Re: CephFS with erasure coding, do I need a cache-pool?

Oliver Schulz <oliver.schulz@xxxxxxxxxxxxxx> · Fri, 20 Jul 2018 00:56:11 +0800

Yes, I'd love to go with Optanes ... you think 480 GB will be
fine for WAL+DB for 15x12TB, long term? I only hesitate because
I've seen recommendations of "10 GB DB per 1 TB HDD" several times.

How much total HDD capacity do you have per Optane 900P 480GB?

Cheers,

Oliver

On 18.07.2018 10:23, Linh Vu wrote:
I think the P4600 should be fine, although 2TB is probably way over kill 
for 15 OSDs.

Our older nodes use the P3700 400GB for 16 OSDs. I have yet to see the 
WAL and DB getting filled up at 2GB/10GB each.
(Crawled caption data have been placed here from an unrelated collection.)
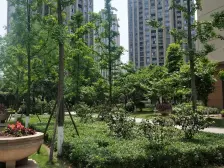 锦江华府 1室0厅 南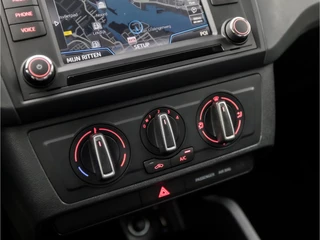 SEAT Ibiza (APPLE CARPLAY, NAVIGATIE, LM VELGEN, ARMSTEUN, SPORTSTOELEN, CRUISE, PARKEERSENSOREN, TREKHAAK, NIEUWE APK, NIEUWSTAAT) - afbeelding nr 9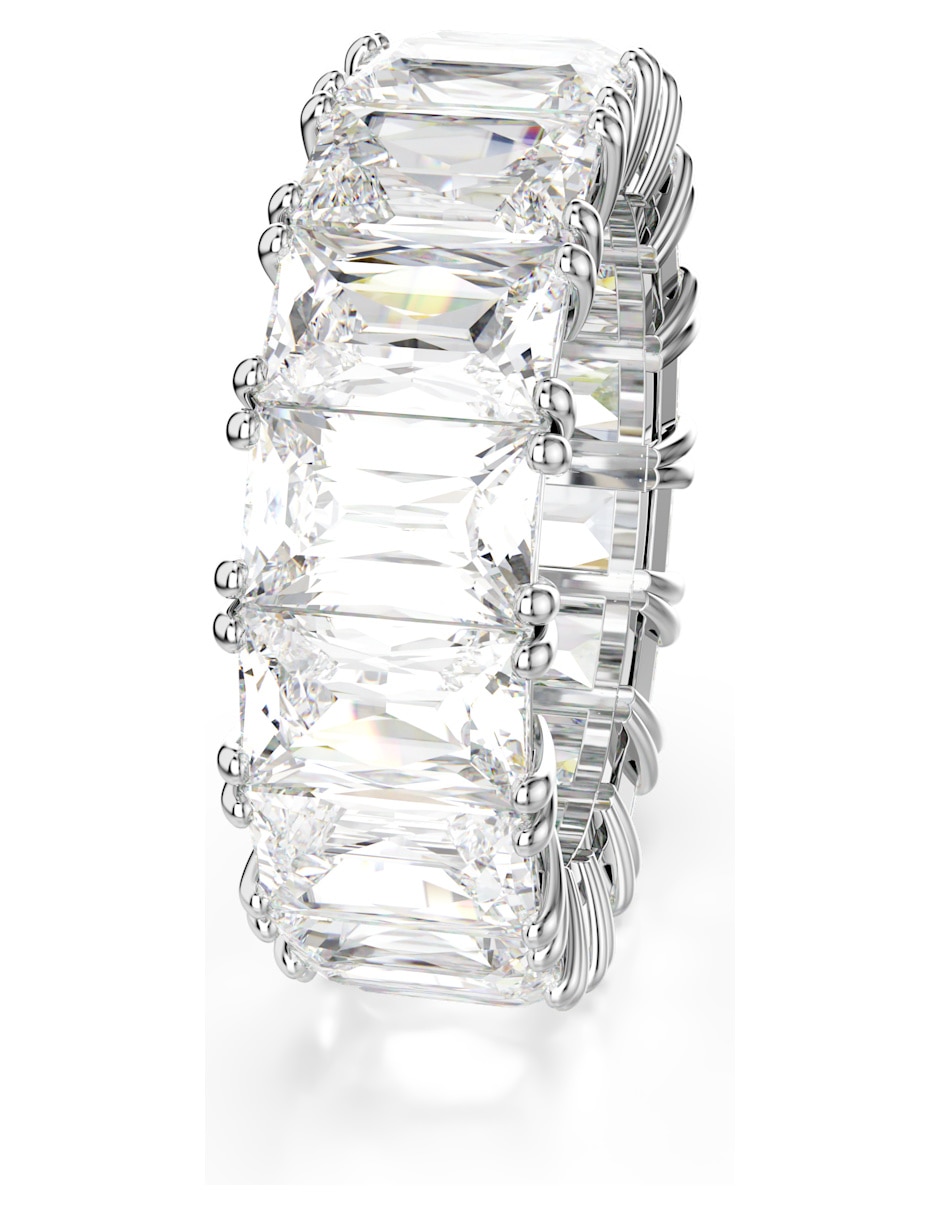 Anillo Matrix, Matrix Vittore brillante 4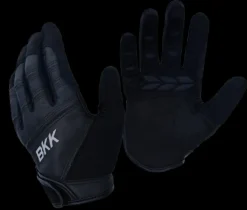 BKK FULL FINGER GLOVES - Medium
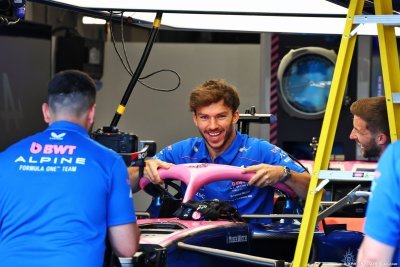 Officiel&nbsp;: Alpine F1 et Gasly récupèrent leur podium à Monaco après l’annulation des pénalités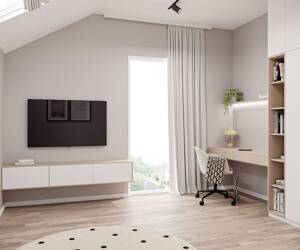 Düsseldorf - FINE LIVING auf ca. 98,8 m² - exklusiver, fertiggestellter Neubau am Unterbacher See! – 40627 Düsseldorf – Vorschaubild 5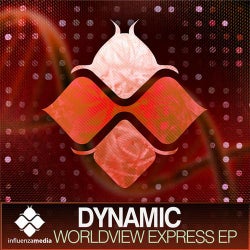 Worldview Express EP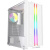 Корпус Powercase Mistral Evo White CMIEW-F4S Корпус Powercase Mistral Evo White CMIEW-F4S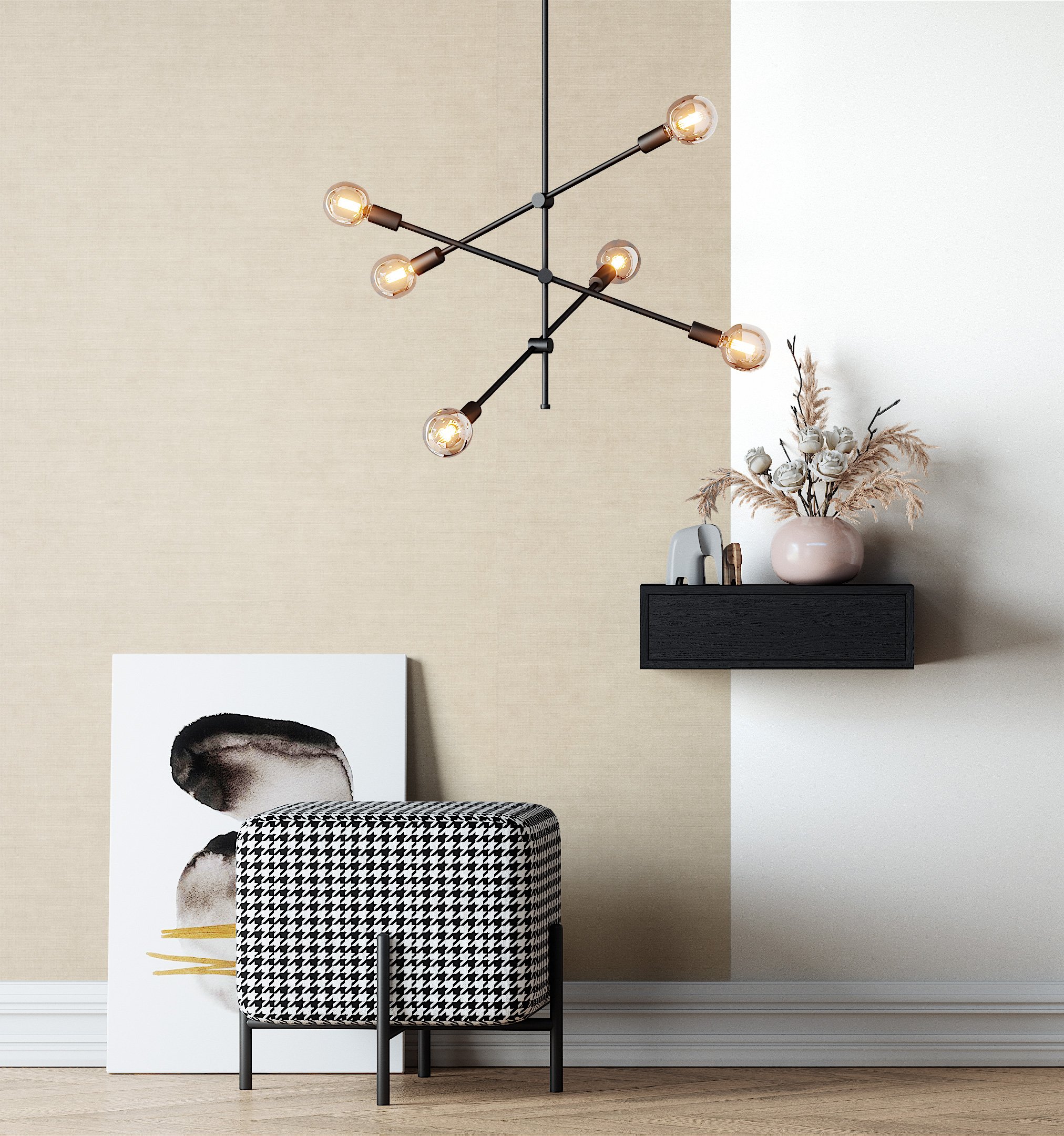 Zeno Beige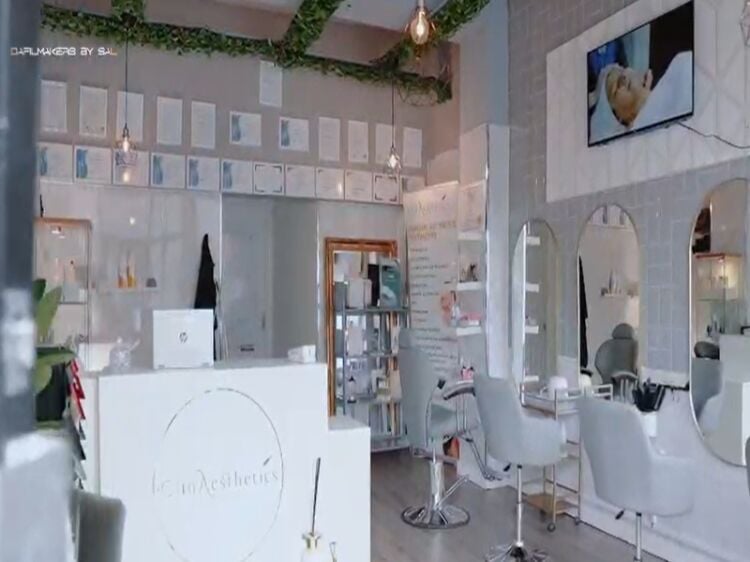 Radiate Confidence – Premium Aesthetics & Beauty Clinic In Glasgow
Our newer nodes use the 
Intel Optane 900P 480GB, that's actually faster than the P4600 and 
significantly cheaper in our country (we bought ~100 OSD nodes recently 
and that was a big saving) and has a big 10 DWPD. For NLSAS OSDs, even 
the older P3700 is more than enough, but for our flash OSDs, the Optane 
900P performs a lot better. It's about 2x faster than the P3700 we had, 
and allow us to get more out of our flash drives.

------------------------------------------------------------------------
*From:* Oliver Schulz <oliver.schulz@xxxxxxxxxxxxxx>
*Sent:* Wednesday, 18 July 2018 12:00:14 PM
*To:* Linh Vu; ceph-users
*Subject:* Re:  CephFS with erasure coding, do I need a 
cache-pool?
Thanks, Linh!

A question regarding choice of NVMe - do you think an
Intel P4510 or P4600 would do well for WAL+DB? I'd
thinking about using a single 2 TB NVMe for 15 OSDs.
Would you recommend a different model?

Is there any experience on how many 4k IOPS one should
have for WAL+DB per OSD?

We have a few new BlueStore nodes in an older
cluster, and we use Intel Optanes for WAL. We wanted to
use them for DB too - only to learn that while fast
they're just to small for the DB for several OSDs ...
so I hope a "regular" NVMe is fast enough?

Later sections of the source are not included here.